Now, if you’re wondering why a focus on food and culture should include the current Pope’s teachings, well, the Catholic Church is bedrock for Western Culture and the “sickness evident in the soil, in the water, in the air and in all forms of life,” is a literal description of the crises converging on what our commodified language renders as “ecosystem services.”  You and I might think of it more casually as “the stuff that keeps us alive.”

My initial plan was to give a sort of gloss to the encyclical, since reading a novella-length letter would make it difficult for many to keep their social media accounts up to date. But other people have done the gloss and better than I would.  So instead, let’s just stipulate that the Laudato Si’ is a highly learned, historically aware, scientifically rigorous argument that the global train wreck of climate change is a moral problem.

Early in life, before discovering his vocation, Pope Francis spent time as a chemist, a bouncer, and beau of a few girlfriends.  Maybe that’s part of what made him a systems-thinking Pope, one who understands and hammers home that the central truth that everything is connected.  In other words, you can’t separate out business from environment, economy from society, or man from nature.

You also, apparently, can’t separate the bouncer from the pope, because we’ve had more than a decade’s worth of intense argument about the scientific, economic and social aspects of wrecking the climate, before a powerful voice manned-up to call it “wrong.”

That’s not without a reason.
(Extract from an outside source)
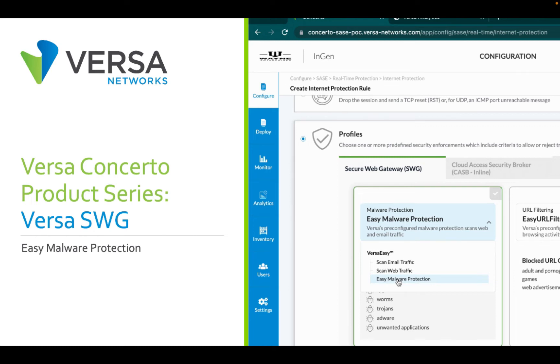Hi, welcome to the Versa Concerto product series where we feature a product capability in our Versa SASE suite of products. We will discuss Versa Secure Web Gateway and how to set up easy malware protection in this video.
Take your pick of history’s what-were-they-thinking cultural suicides and they all share one thing:  when a society powers over the cliff, the people with their foot on the gas are the last to feel the effects of their poor choices, largely because everyone else is working overtime as the front bumper.  In other words, those with the power to affect change are also the ones most deeply invested in keeping things exactly the way they are.  And why not?  The status quo is working better for them than for anyone else.

That’s what’s fascinating about the Laudato Si’.  Here’s the man atop two millennia worth of cash, prizes and power calling bullshit on the totality of the Western enterprise.  Specifically:  “the most extraordinary scientific advances, the most amazing technical abilities, the most astonishing economic growth, unless they are accompanied by authentic social and moral progress, will definitively turn against man.”

There might be a temptation to attribute his stance to sour grapes, a response to some centuries of fading influence after a thousand years of calling the shots.  But then again, the Church has 1.25 billion members and expenditures to match the largest corporations, not to mention artistic and monetary assets that exceed all but a few nations.  So if I had to pick a side of the have/have-not divide to place the Church, it wouldn’t be hard.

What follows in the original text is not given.